Bigfoot to Her Daughter

All is mind. We comb our hair with stiffened
hair. Do not think we are immune to vanity—
that I have you is a vanity, codified, passed
along like an heirloom or a cough. Expect
to be pushed out. We are alone here. Soon
you will be so completely. If the fig tree’s
fruit must fall and rot, so must the fruit
of figment. There, there little glimmer.
It can’t all be so personal; god and time
are one, and both make daughters motherless.

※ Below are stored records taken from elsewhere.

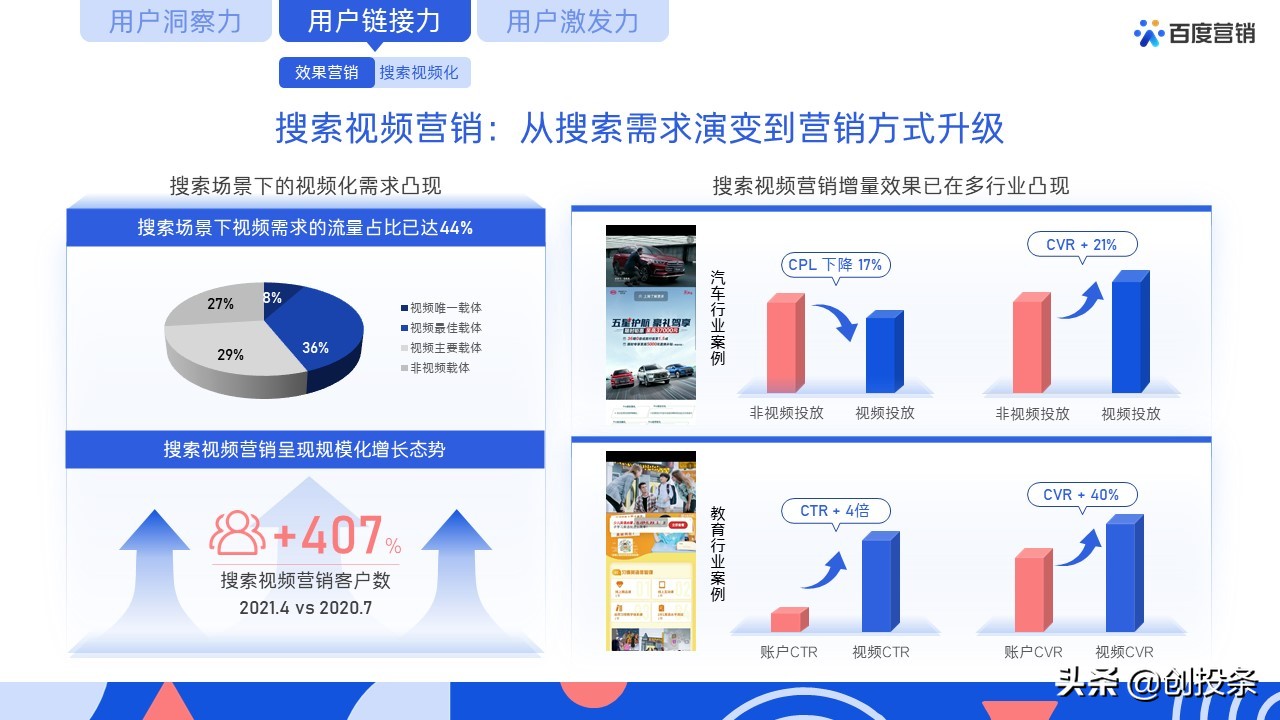 2021百度营销通案全套免费ppt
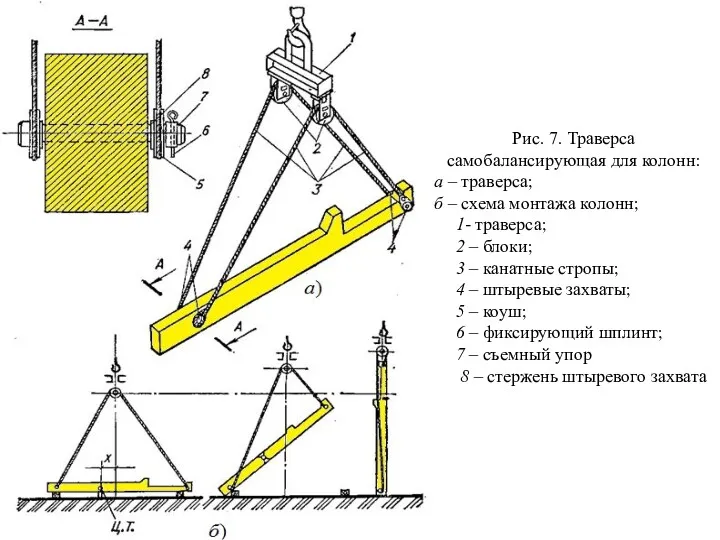 Рис. 7. Траверса самобалансирующая для колонн: а – траверса; б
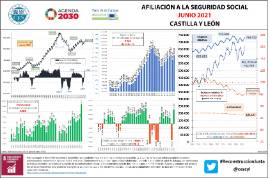 Infografía afiliación a la Seguridad Social CyL [junio 2021]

When you can’t reach to groom your back,
abrade it on the base of a scrub pine. Trees
are not as stoic as they seem. One day
you too will be reduced to what you leave
behind—footfall, fragrance—then recede
back into the mind that made you. Perhaps
it is mine, or perhaps it is that of the sea,
the womb of all that is real and all
that the real imagines. I feel us becoming
something like seaweed—egg-sacked
tangle of self, toothed and knotted wrack.
Forever children fantastic—never snarling,
always snarled, a fearsome love and ruin
only ever brushing against the world.

‘Bigfoot to Her Daughter’ is part of a longer series of poems inspired by cryptids and other strange phenomena.